• [Directions]:
What lines in the data below mention the string "Made"? Copy them out.

• [Data records]:

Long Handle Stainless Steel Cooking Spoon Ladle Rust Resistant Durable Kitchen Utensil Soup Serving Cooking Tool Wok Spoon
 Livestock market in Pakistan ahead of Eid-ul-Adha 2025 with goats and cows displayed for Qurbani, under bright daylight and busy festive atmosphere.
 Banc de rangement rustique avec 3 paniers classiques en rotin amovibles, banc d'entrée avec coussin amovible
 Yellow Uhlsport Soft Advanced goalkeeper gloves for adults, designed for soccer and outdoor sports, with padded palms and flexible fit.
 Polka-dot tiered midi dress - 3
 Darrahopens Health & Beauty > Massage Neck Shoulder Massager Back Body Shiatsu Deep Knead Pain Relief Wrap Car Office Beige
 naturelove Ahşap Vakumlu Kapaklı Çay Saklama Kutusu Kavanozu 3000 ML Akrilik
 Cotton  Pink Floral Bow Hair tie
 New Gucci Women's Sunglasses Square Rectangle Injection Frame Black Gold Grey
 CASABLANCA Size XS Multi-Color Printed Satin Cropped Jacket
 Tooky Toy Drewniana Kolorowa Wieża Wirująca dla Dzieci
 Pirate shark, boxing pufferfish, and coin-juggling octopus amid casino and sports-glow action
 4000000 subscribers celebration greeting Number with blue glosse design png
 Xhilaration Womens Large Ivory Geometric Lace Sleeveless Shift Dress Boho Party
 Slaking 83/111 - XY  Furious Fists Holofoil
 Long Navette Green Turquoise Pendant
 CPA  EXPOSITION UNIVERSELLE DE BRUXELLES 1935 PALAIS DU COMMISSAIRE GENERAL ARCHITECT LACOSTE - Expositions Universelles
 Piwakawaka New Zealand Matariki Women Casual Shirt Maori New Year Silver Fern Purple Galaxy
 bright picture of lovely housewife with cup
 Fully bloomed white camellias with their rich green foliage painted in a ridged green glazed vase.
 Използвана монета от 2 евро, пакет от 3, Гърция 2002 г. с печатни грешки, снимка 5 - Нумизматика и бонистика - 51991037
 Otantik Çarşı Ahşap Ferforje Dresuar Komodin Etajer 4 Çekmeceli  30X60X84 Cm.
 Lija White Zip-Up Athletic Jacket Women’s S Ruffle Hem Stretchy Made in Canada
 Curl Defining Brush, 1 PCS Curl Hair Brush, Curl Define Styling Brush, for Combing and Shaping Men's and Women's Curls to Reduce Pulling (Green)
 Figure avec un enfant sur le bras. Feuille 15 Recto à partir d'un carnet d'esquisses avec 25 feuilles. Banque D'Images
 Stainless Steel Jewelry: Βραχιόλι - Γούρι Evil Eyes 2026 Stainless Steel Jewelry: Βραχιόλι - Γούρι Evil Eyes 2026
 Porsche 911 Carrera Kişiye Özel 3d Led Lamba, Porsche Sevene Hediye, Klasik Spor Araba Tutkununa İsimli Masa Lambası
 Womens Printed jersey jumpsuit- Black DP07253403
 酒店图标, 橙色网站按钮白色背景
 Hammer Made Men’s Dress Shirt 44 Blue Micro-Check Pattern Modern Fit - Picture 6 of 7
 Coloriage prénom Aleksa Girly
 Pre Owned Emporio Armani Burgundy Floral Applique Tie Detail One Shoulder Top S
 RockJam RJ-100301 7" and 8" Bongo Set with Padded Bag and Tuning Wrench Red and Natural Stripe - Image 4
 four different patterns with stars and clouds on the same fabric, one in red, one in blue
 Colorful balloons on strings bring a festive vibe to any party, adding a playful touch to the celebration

• [Answer]:
 Lija White Zip-Up Athletic Jacket Women’s S Ruffle Hem Stretchy Made in Canada
 Hammer Made Men’s Dress Shirt 44 Blue Micro-Check Pattern Modern Fit - Picture 6 of 7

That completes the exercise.